It’s well-known that our government still allots benefits or disadvantages based on an individual’s race. Every admissions season, taxpayer-funded colleges and universities across the country accept certain minority applicants (students of East Asian descent excluded) based on lower standards than other applicants. That means the schools end up rejecting students of the “wrong” race with higher scores and grades. The name for this practice is racial preferences. Affirmative action is just a euphemism.
Students either know or suspect this sort of thing exists. What they don’t know or suspect is schools might pull a bait-and-switch. For example, the University of Connecticut told Pamela Swanigan, a biracial student accepted into a doctorate program, that she’d received the prestigious, merit-based Vice Provost’s Award for Excellence scholarship for being the top applicant.

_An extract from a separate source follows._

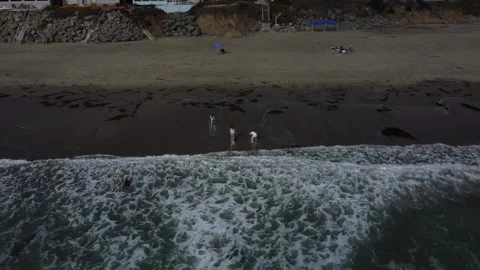 Cayucos 12 動画素材 304171931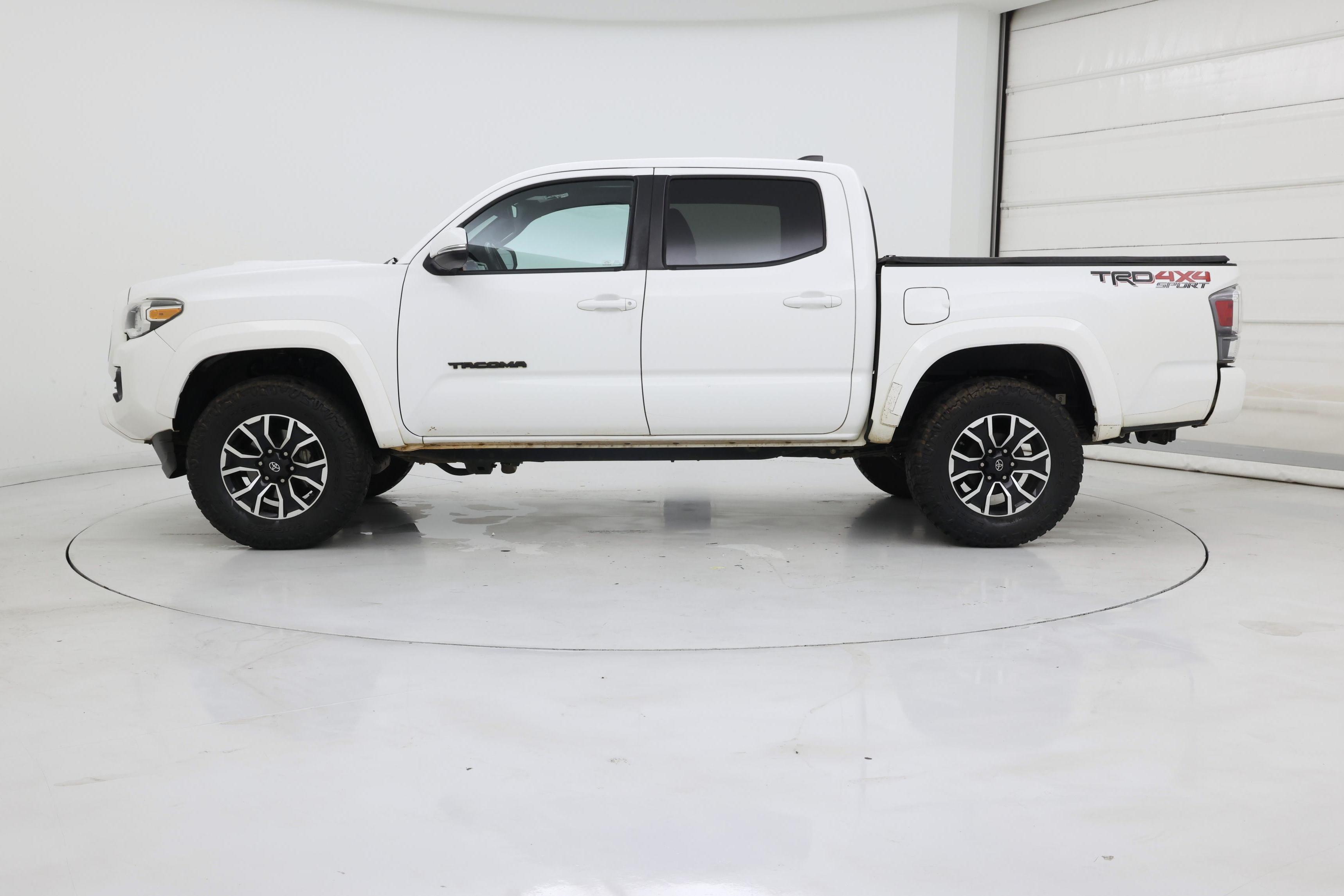 Thumbnail: 2020 Toyota Tacoma - 3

Two years later, Swanigan considered getting an off-campus job. When she tried to confirm she’d be allow to do this and still receive the money, she found out she’d been receiving the Multicultural Scholars Program. Swanigan also learned that the Vice Provost’s Award for Excellence hadn’t existed when the school said she’d won it. Although the school said she could work off-campus and continue receiving the Vice Provost’s award, she could not do so under the less-prestigious, “increasing diversity” scholarship.
The school not only lied to Swanigan, it routed her into a race-based scholarship without giving her the opportunity to say yea or nay. Swanigan sued the school, challenging the use of race-based awards. The Center for Individuals Rights (CIR) represents her.
“This is about more than one applicant’s experience at UConn,” said Terence Pell, president of CIR. “Many top universities offer diversity scholarships which are awarded on the basis of race. While the Supreme Court has said that race may be a plus factor in admissions decisions, it has never said race can be the basis for scholarship awards once an applicant has been admitted. A scholarship awarded on the basis of race inevitably stigmatizes talented minority applicants, who come to be recognized for their race rather than their considerable academic achievements.”
As if racial preferences weren’t bad enough, the school withheld its intent to label Swanigan to pursue its own ends.
“My goal is to ensure that students are treated as individuals regardless of race and regardless of other efforts to promote racial diversity,” she said. “I wanted — and still want — to compete on the basis of my academic abilities just like any other student.”